Das Frühstück verlief in gedrückter Atmosphäre. Maria und Alex schwiegen, während Tante Caroline und Onkel Richard einige klägliche Versuche starteten, ein Gespräch in Gang zu bringen. Sogar Jamie machte den Eindruck, als ob er die Uhr lieber zurückgedreht hätte.

Nachdem alle gegessen hatten, wurden Alany und Maria zum Geschirrspülen eingeteilt, während Jamie die Umzugshelfer begrüßte. Vom Küchenfenster aus konnte Alany sehen, wie die muskulösen Männer ihre Möbel in den Kleintransporter vor dem Haus einluden. In Alanys Hals bildete sich ein Kloß, als die Umzugshelfer schließlich begannen, Umzugskisten mit Büchern, Aktenordnern und Kleidung aus dem Haus zu tragen.

Ihre ganze bisherige Identität wurde in einen grauen Transporter verfrachtet.

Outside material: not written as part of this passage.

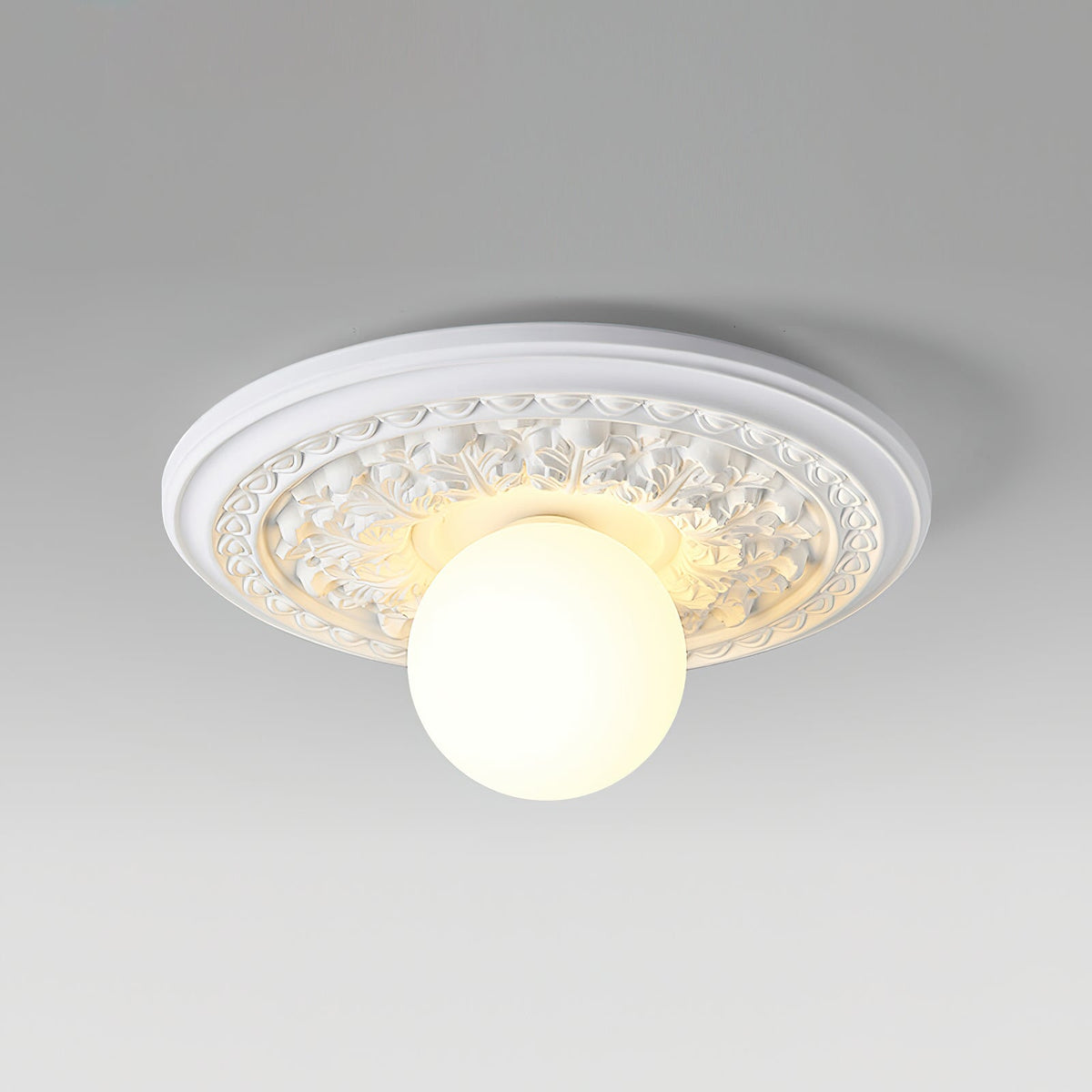 Ivorelle vintage taklampe med utskårne kuler, G9-sokkel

Onkel Richard, der gerade in die Küche kam, unterzog Alany einem prüfenden Blick. 

„Wir sind schon eine komische Familie", stellte er lachend fest. „Jamie und du ziehen ans andere Ende der Stadt und wir verhalten uns, als würden wir euch jahrelang nicht wiedersehen. Mit euch Kindern wird man so weich wie ein Schwamm." 

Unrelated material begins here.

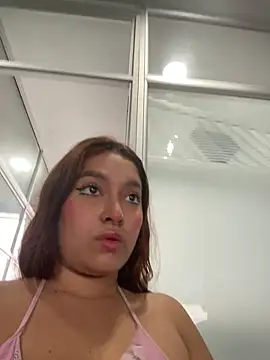 Emily Harpeer online show from February 2026 11:46:02 AM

Alany musste grinsen, als sie unwillkürlich an die alten Jugendfotos von Onkel Richard dachte, die ihn als Angeber enttarnt hatten. In eine Lederjacke gekleidet und mit einer riesigen Sonnenbrille auf der Nase an sein Motorrad gelehnt, hatte er einen coolen Typen abgegeben. Später hatte er Tante Caroline geheiratet und war zu einem Schwamm geworden, wie er gerade eben zugegeben hatte. Okay, okay, so schlimm war s nun auch nicht.

„Trotzdem bin ich über euren Auszug nicht glücklich!", fuhr Onkel Richard fort. „Du bist auch unsere Tochter, Lenny, vergiss das nicht." Dafür drückte Alany ihm einen fetten Schmatzer auf die Wange.